The worst kind of movie sequel promotes a supporting character to take over the lead role and takes longer than a couple of years to arrive in theatres. Like "The Return of Josey Wales," "Iron Eagle 2," "Smoky and the Bandit 3," and "Jaws 3 & 4," the latest superficial sequel to show up, "Van Wilder 2: The Rise of Taj," substitutes a supporting character for the title protagonist and appears four years later. As far as gross-out comedies go, "National Lampoon's Van Wilder" (2002) was no masterpiece, but the Ryan Reynolds' original qualified as far funnier that its tardy and tedious sequel could ever imagine. Everything that made Kal Penn of "Harold & Kumar Go to White Castle" so memorable in the first "Van Wilder" has been sacrificed and Penn cannot rival Reynolds' comic timing. Not only does it lack Reynolds' charismatic poise, but also the uninspired plot rehashes hackneyed higher education humor that "Animal House," "Revenge of the Nerds," "Old School," and "Porky's" have already worn out. Like its predecessor, "Van Wilder 2" does feature a collegiate setting, several bare-breasted babes, binge drinking aplenty, risqué sexual epithets, with a scatological skit or two, but nothing like the crude shenanigans in the first movie. The two biggest jokes in "Van Wilder" consisted of the seamstress sight gag at the beginning and then the very vulgar prank where a rival fraternity gobble pastries spiked with the seminal fluids of a well-endowed bulldog. The lack of anything remotely funny is compounded by the lack of originality in "Van Wilder 2." Look for this lackluster movie to crowd the video shelves in no time.

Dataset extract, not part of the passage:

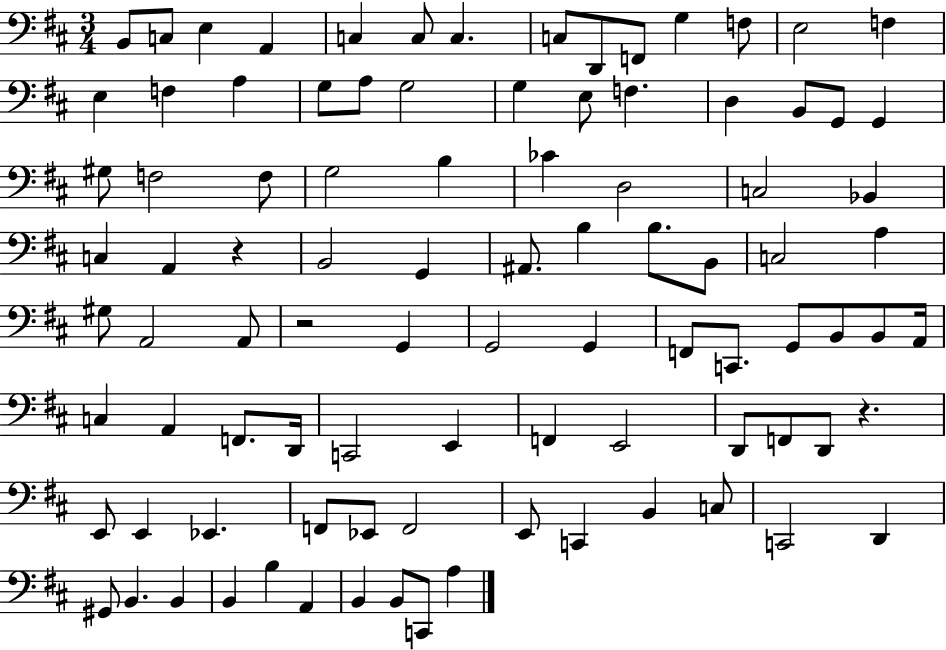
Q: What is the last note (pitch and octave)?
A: A3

Baby-faced comic Ryan Reynolds channeled Chevy Chase in "Van Wilder," but the eponymous hero graduated from Coolidge College after seven year of lolly gagging. As Van Wilder's Indian protégé Taj Mahal Badalandabad, Kal Penn has not only stepped into his mentor's shoes but also he has stepped into something infinitely worse--a movie of unmitigated mediocrity. Nobody quite knows how to pronounce Taj's family name in "Van Wilder 2" and the joke generates fewer laughs with each instance. Freshman scenarist David Drew Gallagher, who has acted in a number of television shows and should forsake the pen, has forged far fewer offensive gags than his rowdy predecessors in his cookie-cutter screenplay. When "Van Wilder 2" opens, Taj has graduated from Coolidge College and has transferred to merry ole England. Our hero sets out to get his Master's Degree at a stodgy Cambridge-like university called Camford and follow in his father's footsteps as a lothario. Taj learns quickly that the natives are none too receptive to his desire to join their ranks in the elite Fox and Hounds' fraternity. Pipp Everett, the Earl of Grey (David Percival of the TV series "Sinchronicity"), the stuck-up man-in-charge of the Fox and Hounds, informs poor Taj that he has been rejected on a technicality. Searching for somewhere else to fit in, Taj takes the job of advising a minor fraternity made up entirely of misfits: Seamus (Glen Barry), a fiery Irish rugby player; Sadie (Holly Davidson) a tough female boozer; Simon (Anthony Cozen) a bean-pole genius, and Gethin (Steve Rathman) a well-endowed but shy guy. Taj names the new fraternity the Cock and Bulls. Actually, this is about as daring as "Van Wilder 2" gets.

In a dastardly attempt to put upstart Taj and his new friends in their ignoble places, Pipp challenges our heroes to a high stakes university competition for the prestigious Camford Cup, an annual academic, social, and athletic contest between fraternities. Nothing inventive in the way of amusing sight gags or grandiose gross-out jokes emerges from this stale, substandard sequel. Director Mort Nathan, who helmed the laborious Cuba Gooding, Jr. comedy "Boat Trip," makes the least of every comic opportunity in this prudish 95 minute potboiler. Indeed, Nathan and Gallagher revert to the general plot of the original without breaking new ground. When the snooty villains realize that they're going to lose the cup that the Fox and Hound fraternity has never forfeited, they plant incriminating evidence in the Cock and Bull's frat house. Consequently, dotty Camford Dean (veteran British TV actor Roger Hammond) has no choice but to expel Taj and his pals. Taj admits that he stole the test materials so that his pals can continue to compete in the tournament. Predictably, "Van Wilder 2" allows our oddball heroes to triumph over the Fox and Hounds without developing any suspense. Aside from Taj, the only character left over from the original "Van Wilder" was Van Wilder's pet bulldog.

Mind you, National Lampoon usually scrapes the bottom of a barrel of monkeys for its college comedies, and "Van Wilder 2" proves no exception. Unlike the witty original, "Van Wilder 2" boasts no cameos from previous National Lampoon movie cast members. Kal Penn should have been working on a Harold and Kumar sequel rather than this infantile idiocy. "Van Wilder 2" ranks as a forgettable follow-up to the original with a modicum of witty lines.